> ABOUT THIS TASK
All of the data should be reproduced word for word, though its pictures must be omitted.

> RECORDS TO USE
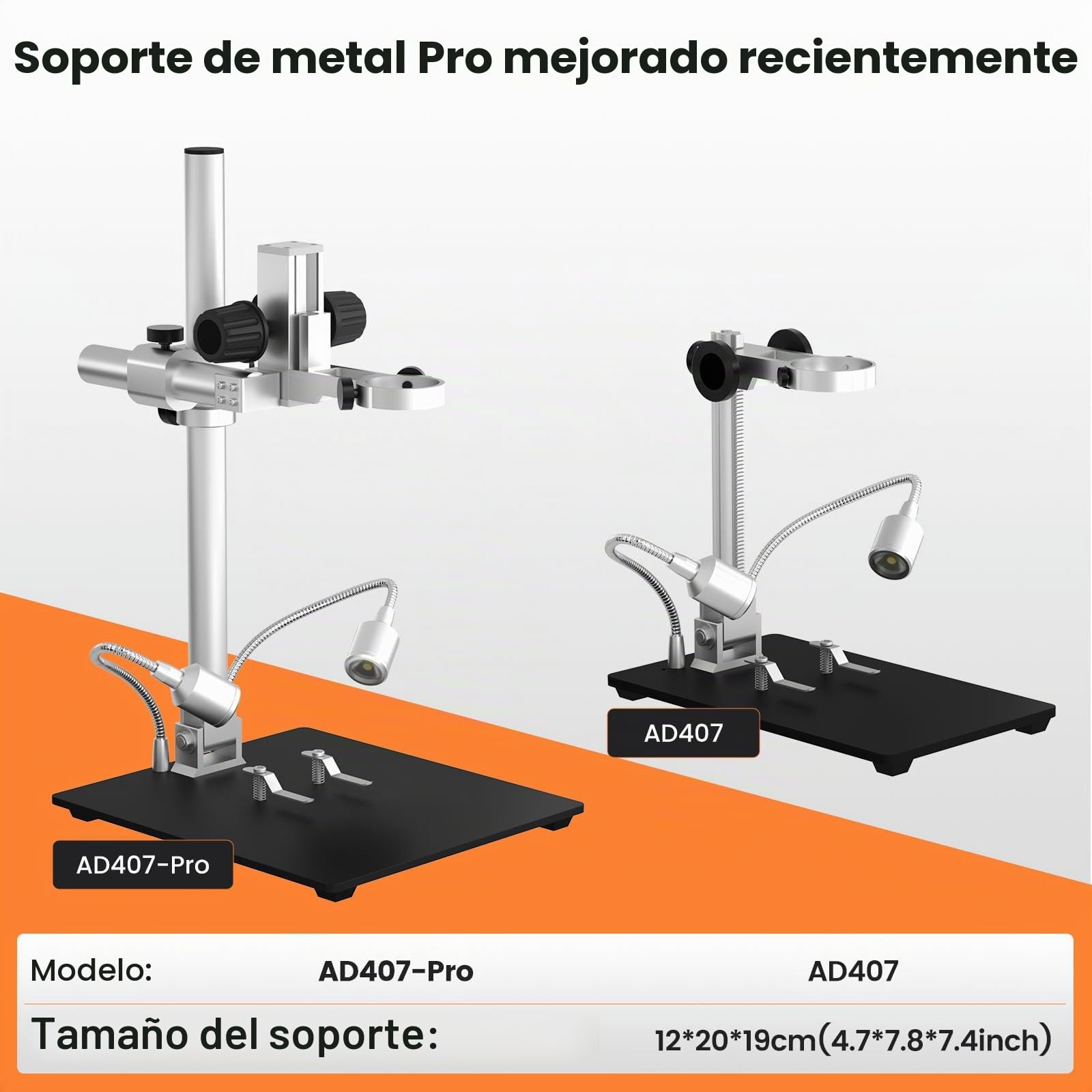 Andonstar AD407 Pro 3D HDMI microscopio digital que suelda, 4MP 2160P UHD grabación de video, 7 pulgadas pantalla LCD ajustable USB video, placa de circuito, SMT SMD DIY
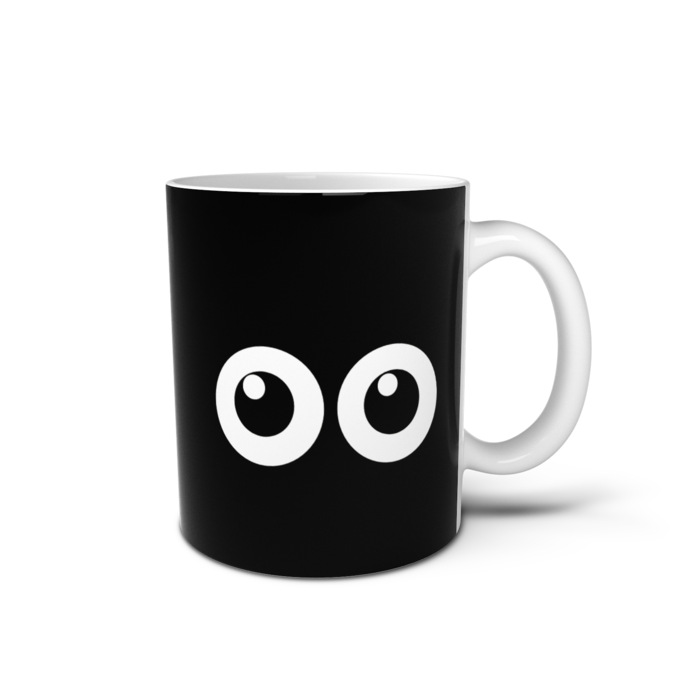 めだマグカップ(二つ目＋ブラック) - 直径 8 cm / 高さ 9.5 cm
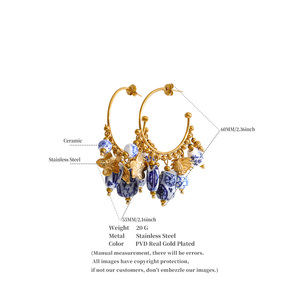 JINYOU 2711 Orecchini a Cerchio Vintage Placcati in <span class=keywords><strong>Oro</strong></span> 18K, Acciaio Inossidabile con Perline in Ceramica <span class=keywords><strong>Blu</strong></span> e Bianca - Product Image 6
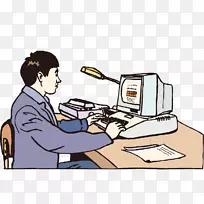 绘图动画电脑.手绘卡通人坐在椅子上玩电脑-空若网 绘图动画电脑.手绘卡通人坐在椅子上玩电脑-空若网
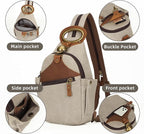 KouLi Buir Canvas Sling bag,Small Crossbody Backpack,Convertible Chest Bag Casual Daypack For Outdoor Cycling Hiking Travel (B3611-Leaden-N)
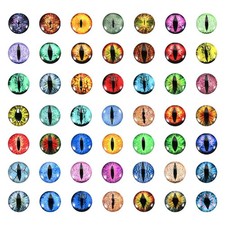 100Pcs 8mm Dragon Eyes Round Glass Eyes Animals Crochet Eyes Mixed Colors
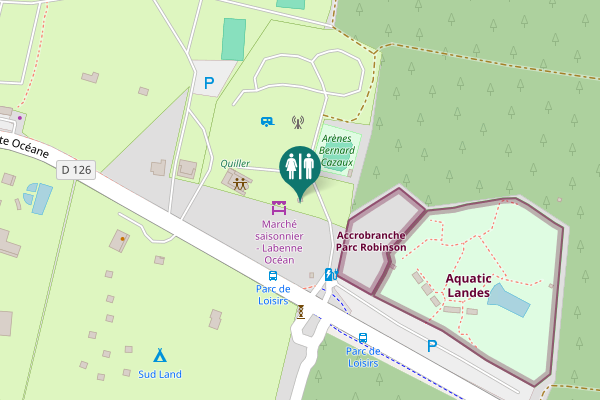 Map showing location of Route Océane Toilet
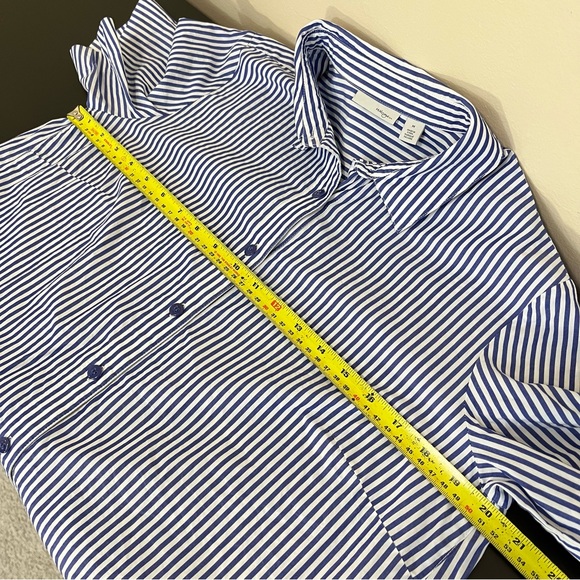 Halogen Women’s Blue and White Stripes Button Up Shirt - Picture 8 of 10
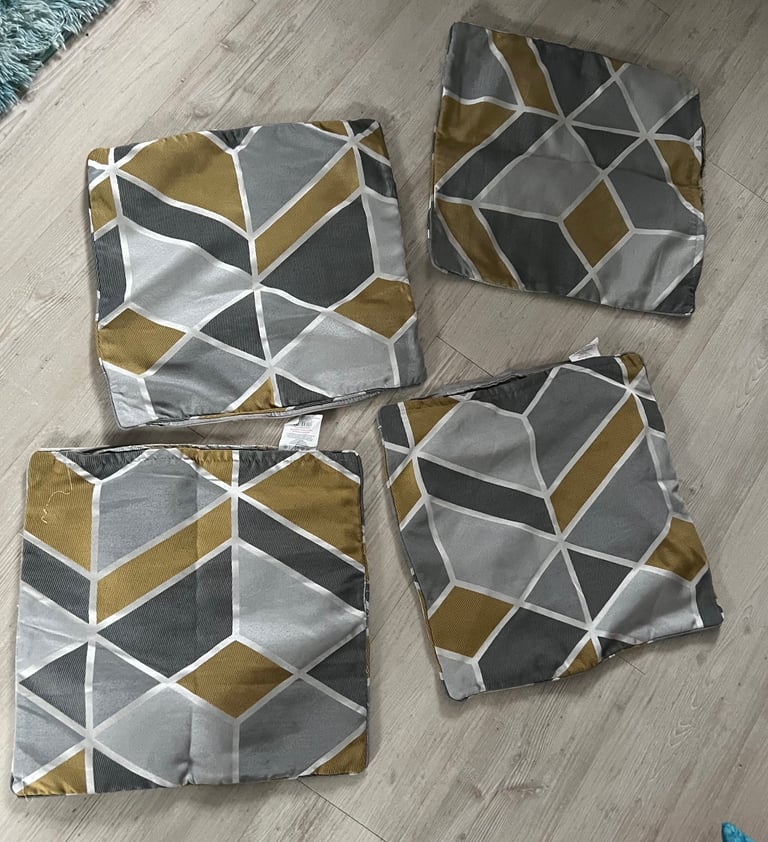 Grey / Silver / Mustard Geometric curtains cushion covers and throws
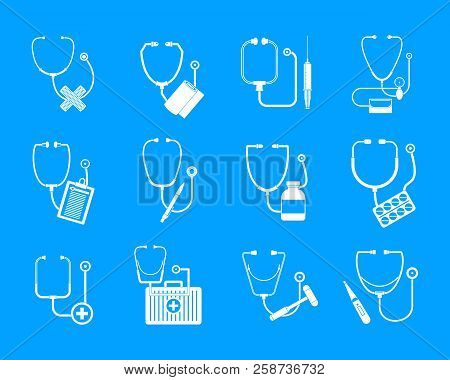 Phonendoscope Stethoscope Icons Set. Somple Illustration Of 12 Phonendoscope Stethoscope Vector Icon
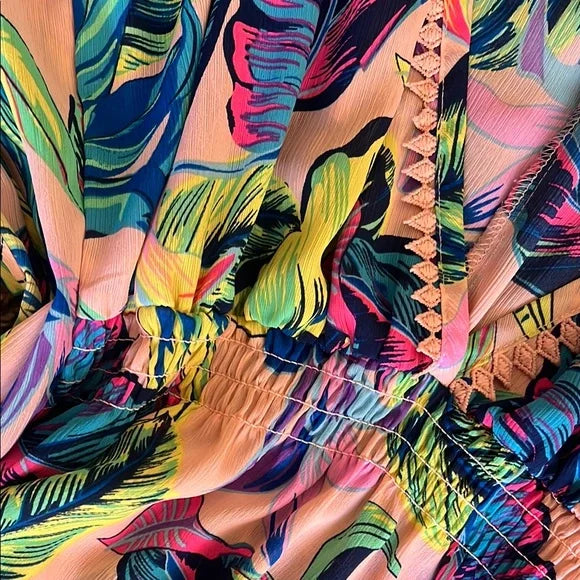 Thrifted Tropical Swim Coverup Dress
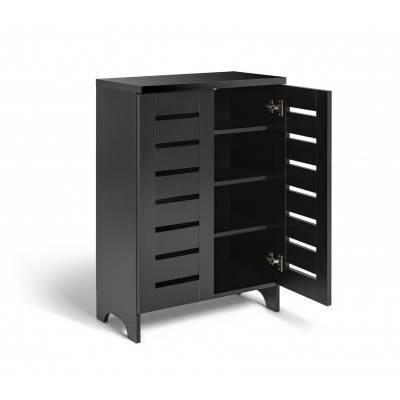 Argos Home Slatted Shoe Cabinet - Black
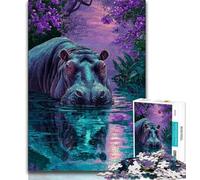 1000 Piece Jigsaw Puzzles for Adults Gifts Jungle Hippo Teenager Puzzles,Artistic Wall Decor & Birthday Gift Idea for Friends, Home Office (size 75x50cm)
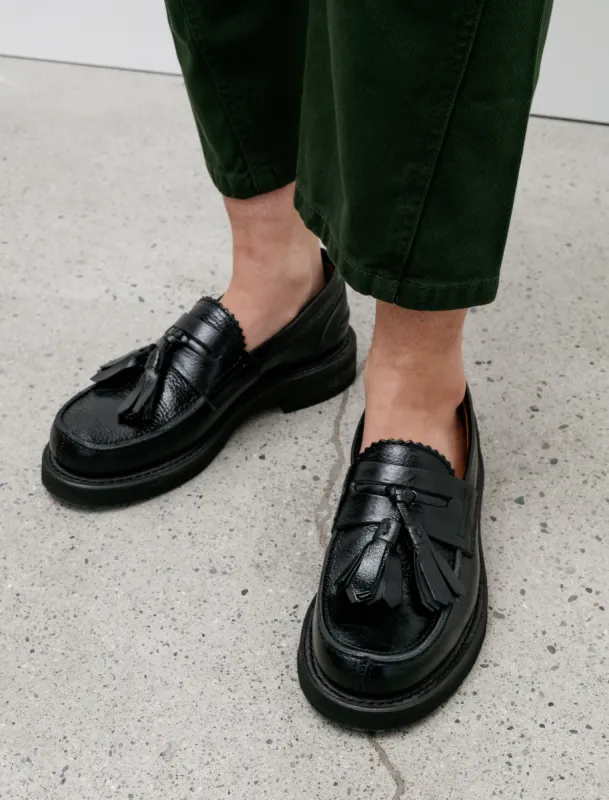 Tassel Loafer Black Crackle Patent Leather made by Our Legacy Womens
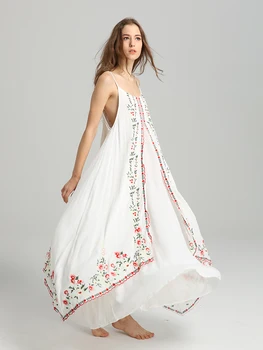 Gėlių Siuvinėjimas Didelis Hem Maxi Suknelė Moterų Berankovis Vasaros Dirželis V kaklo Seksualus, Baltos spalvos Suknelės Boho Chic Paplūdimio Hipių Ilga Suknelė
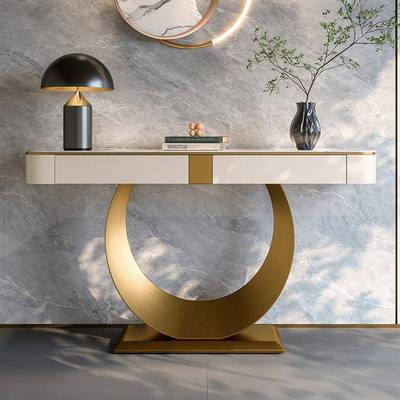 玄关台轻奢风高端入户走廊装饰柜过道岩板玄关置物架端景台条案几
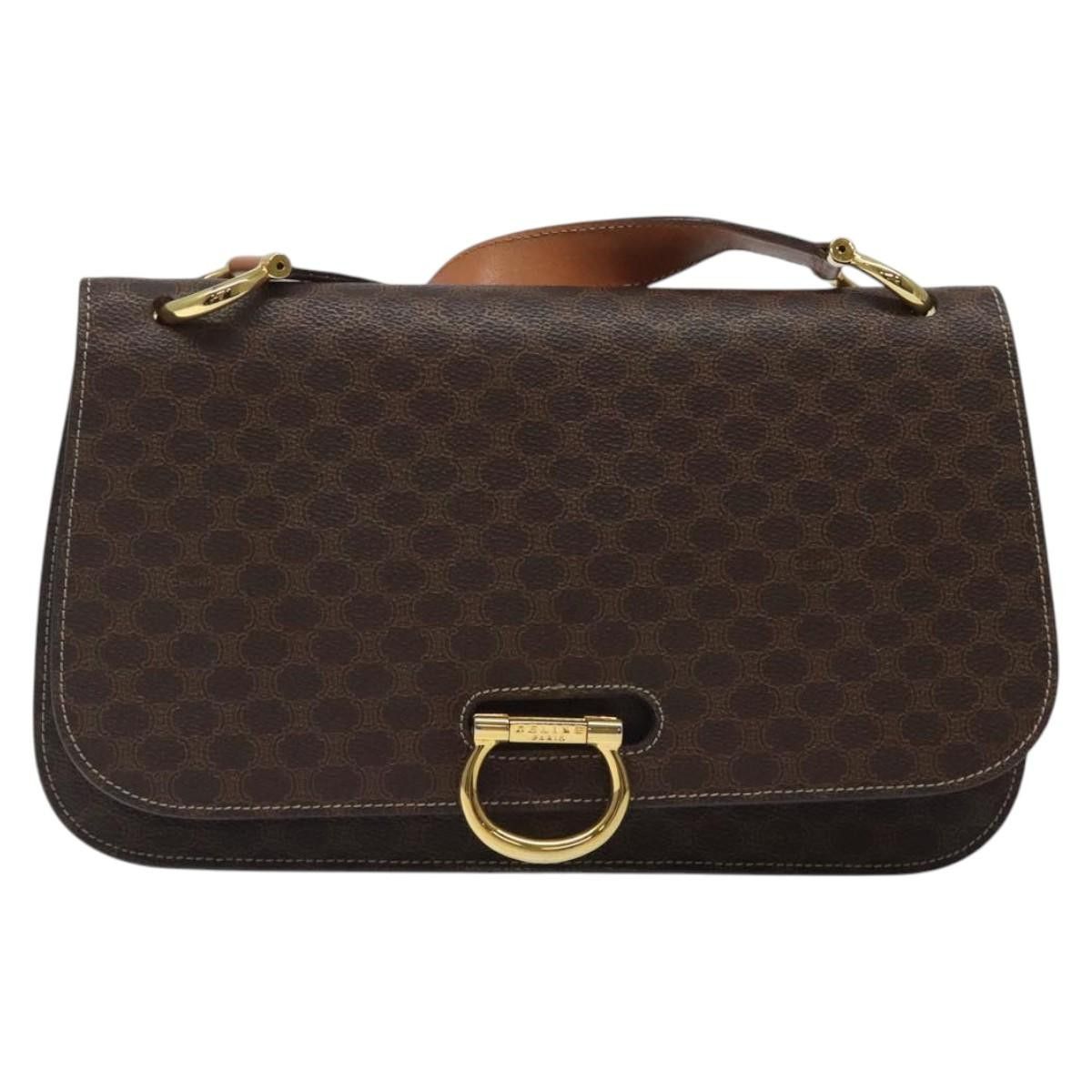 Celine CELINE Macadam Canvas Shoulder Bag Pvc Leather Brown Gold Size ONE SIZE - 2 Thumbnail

> EXERCISE RESPONSE
 Andonstar AD407 Pro 3D HDMI microscopio digital que suelda, 4MP 2160P UHD grabación de video, 7 pulgadas pantalla LCD ajustable USB video, placa de circuito, SMT SMD DIY
 めだマグカップ(二つ目＋ブラック) - 直径 8 cm / 高さ 9.5 cm
 JINYOU 2711 Orecchini a Cerchio Vintage Placcati in <span class=keywords><strong>Oro</strong></span> 18K, Acciaio Inossidabile con Perline in Ceramica <span class=keywords><strong>Blu</strong></span> e Bianca - Product Image 6
 绘图动画电脑.手绘卡通人坐在椅子上玩电脑-空若网 绘图动画电脑.手绘卡通人坐在椅子上玩电脑-空若网
 KouLi Buir Canvas Sling bag,Small Crossbody Backpack,Convertible Chest Bag Casual Daypack For Outdoor Cycling Hiking Travel (B3611-Leaden-N)
 100Pcs 8mm Dragon Eyes Round Glass Eyes Animals Crochet Eyes Mixed Colors
 Map showing location of Route Océane Toilet
 Halogen Women’s Blue and White Stripes Button Up Shirt - Picture 8 of 10
 Grey / Silver / Mustard Geometric curtains cushion covers and throws
 Phonendoscope Stethoscope Icons Set. Somple Illustration Of 12 Phonendoscope Stethoscope Vector Icon
 Thrifted Tropical Swim Coverup Dress
 Argos Home Slatted Shoe Cabinet - Black
 1000 Piece Jigsaw Puzzles for Adults Gifts Jungle Hippo Teenager Puzzles,Artistic Wall Decor & Birthday Gift Idea for Friends, Home Office (size 75x50cm)
 Tassel Loafer Black Crackle Patent Leather made by Our Legacy Womens
 Gėlių Siuvinėjimas Didelis Hem Maxi Suknelė Moterų Berankovis Vasaros Dirželis V kaklo Seksualus, Baltos spalvos Suknelės Boho Chic Paplūdimio Hipių Ilga Suknelė
 玄关台轻奢风高端入户走廊装饰柜过道岩板玄关置物架端景台条案几
 Celine CELINE Macadam Canvas Shoulder Bag Pvc Leather Brown Gold Size ONE SIZE - 2 Thumbnail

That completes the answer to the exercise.